--- Working data Enclosed Below ---

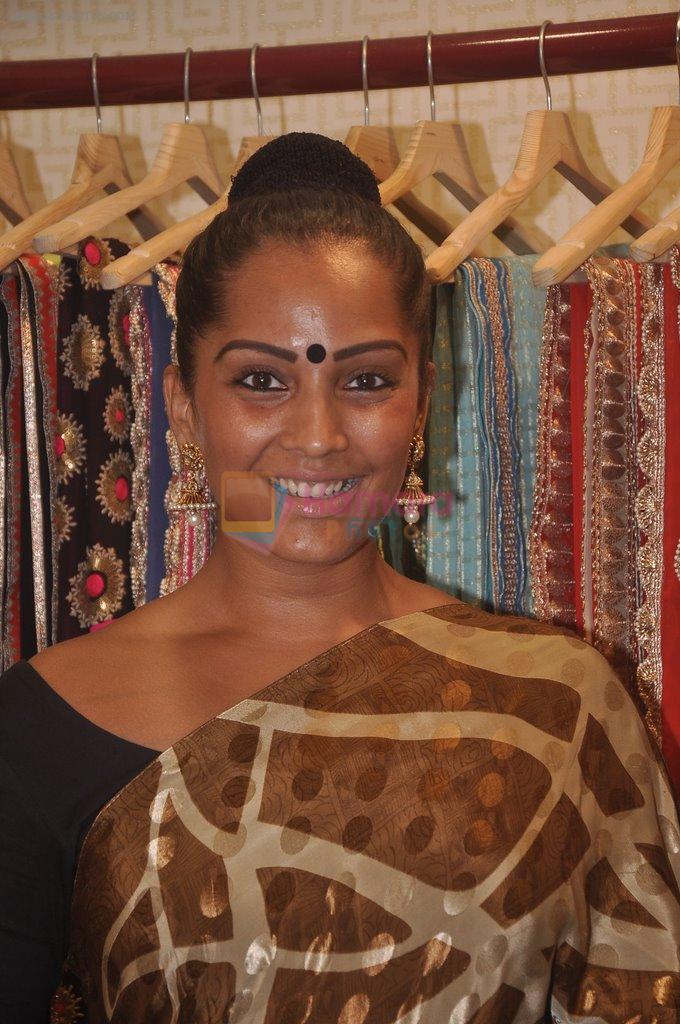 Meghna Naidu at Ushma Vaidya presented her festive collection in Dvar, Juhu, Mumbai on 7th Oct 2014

--- End of Enclosed Working data ---
--- Working data Enclosed Below ---

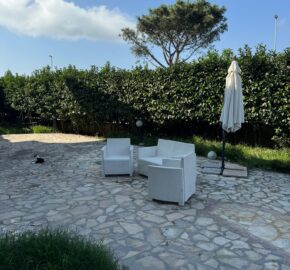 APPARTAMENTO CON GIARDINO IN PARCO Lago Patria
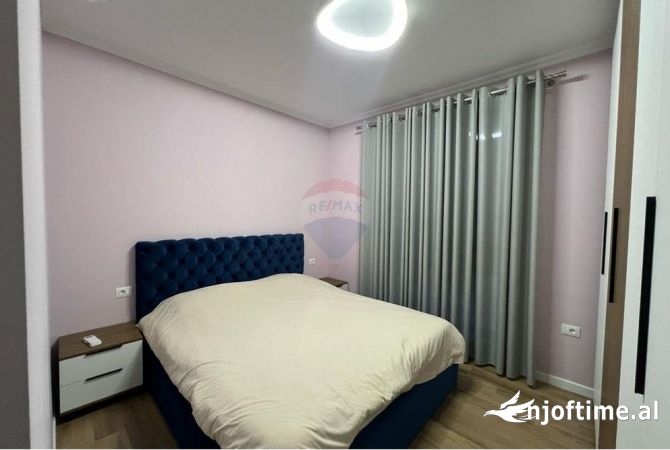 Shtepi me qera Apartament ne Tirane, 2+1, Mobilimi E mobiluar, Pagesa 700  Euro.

--- End of Enclosed Working data ---
--- Working data Enclosed Below ---

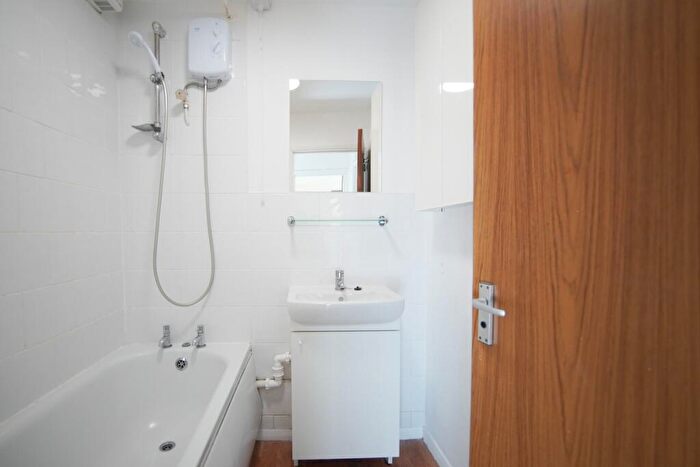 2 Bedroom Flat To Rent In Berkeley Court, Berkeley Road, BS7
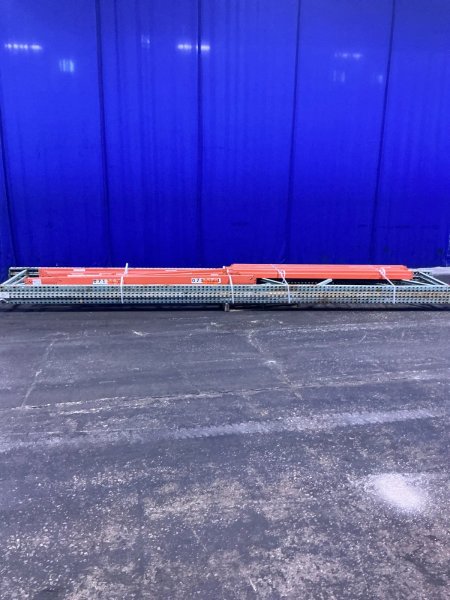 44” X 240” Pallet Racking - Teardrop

--- End of Enclosed Working data ---

(Problem statement):
How would the lines above read from the one with "2 Bedroom Flat" to the one with "Racking - Teardrop", inclusive, with no pictures? Write them out exactly.

(Answer section):
 2 Bedroom Flat To Rent In Berkeley Court, Berkeley Road, BS7
 44” X 240” Pallet Racking - Teardrop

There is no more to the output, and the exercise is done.